以下の表に、逆算スケジュールをまとめました。
|
時期 |
10kW未満 |
10kW以上 |
必要なアクション |
|
8月頃 |
相談開始推奨 |
相談開始推奨 |
販売店選び・見積もり依頼 |
|
9月頃 |
契約締結 |
契約締結 |
現地調査・設計確定 |
|
10月頃 |
接続契約申請 |
接続契約申請 |
電力会社への書類提出 |
|
12月頃 |
接続契約完了 |
設備認定申請期限 |
経産省への申請 |
|
1月頃 |
設備認定申請期限 |
工事着工 |
認定取得後に施工 |
このスケジュールは、あくまで目安です。
実際には、販売店の対応速度、電力会社の審査状況、年末年始の休業などにより、予想以上に時間がかかることがあります。
したがって、余裕を持ったスケジュールで進めることが重要です。
2025年10月の高単価を狙う場合の注意点
10月以降の高単価(24円/kWh、19円/kWh)を確保するためには、10月以降に認定を取得する必要があります。
しかし、10月直後は申請が殺到する可能性が高いです。
実際、過去の制度変更時には、期限直前に申請が集中し、販売店も電力会社も処理が追いつかなくなる事態が発生しました。
したがって、10月の高単価を狙う場合でも、9月中には電力会社への申請を完了しておき、10月に入ってすぐに経産省への申請ができる状態にしておくことが理想です。

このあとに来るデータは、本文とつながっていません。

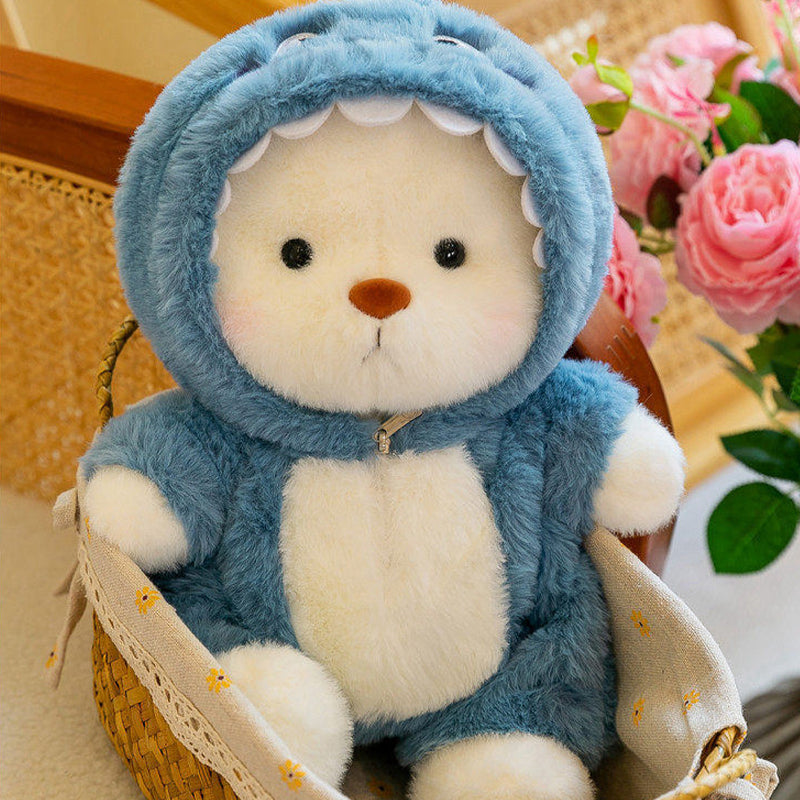 Plush Stuffed Bear Toy with Suit for Children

逆に、4月〜9月の15円/kWhでも構わないという場合は、比較的余裕を持ったスケジュールで進められます。
申請が遅れた場合のリスク
申請期限に間に合わなかった場合、どうなるのでしょうか。
最も大きなリスクは、2026年度の価格が適用されてしまうことです。
2026年度の価格はまだ発表されていませんが、過去の傾向から見て、さらに低下する可能性が高いと予想されます。

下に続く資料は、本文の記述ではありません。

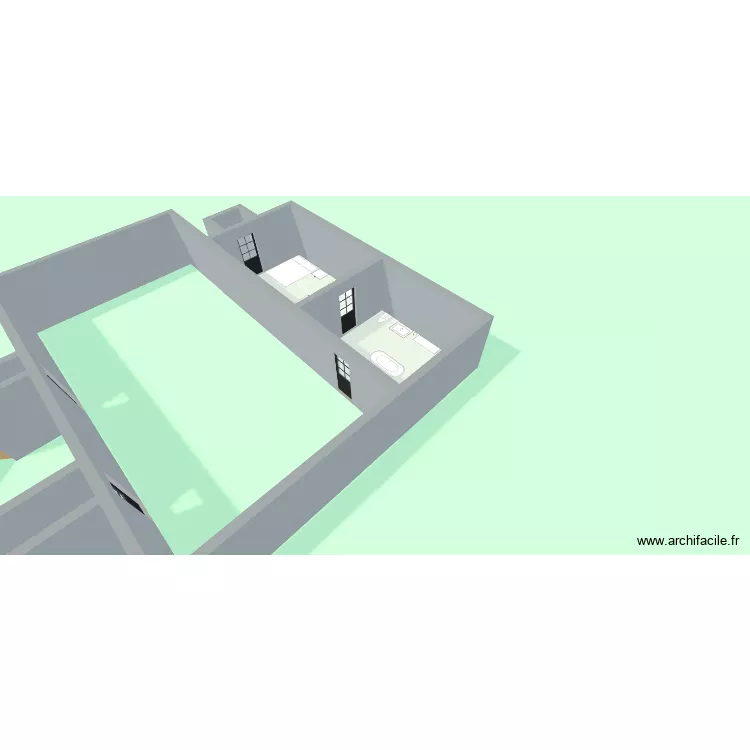 sous sol. Floor plan with 7  and 93 m²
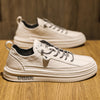 Casual PU Leather Shoe Trend Flats Shoes Waterproof - Sabreeonline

特に、初期投資支援スキームが2026年度も継続されるかどうかは不明です。
もし継続されなければ、従来の固定価格に戻る可能性もあります。
また、申請が集中して審査が遅れた場合、工事着工が遅れることにもつながります。
工事が遅れれば、それだけ売電開始も遅れ、経済メリットの実現が先送りになります。
したがって、2025年度の高単価を確実に確保したいのであれば、早めの行動が鉄則です。
接続契約→設備認定までの手順と注意点
FIT認定を取得するための具体的な手続きの流れと、各段階での注意点について解説します。
ステップ1:販売店選びと契約締結
最初のステップは、信頼できる販売店を選び、契約を締結することです。
販売店選びは、FIT認定取得の成否を左右する重要な要素です。
以下のポイントをチェックしましょう。
販売店選びのチェックポイント
- FIT申請の実績が豊富か
- 申請手続きのサポートを提供しているか
- 現地調査を丁寧に行うか
- 見積もりが詳細で透明性があるか
- アフターサービスが充実しているか
販売店を選んだら、現地調査を依頼します。
現地調査では、屋根の形状、方角、周辺の影の影響、電力系統への接続可能性などを確認します。
調査結果を基に、最適なシステム設計と見積もりが提示されます。
内容に納得できたら、売買契約を締結します。
契約書には、システムの仕様、価格、工事スケジュール、保証内容などが記載されています。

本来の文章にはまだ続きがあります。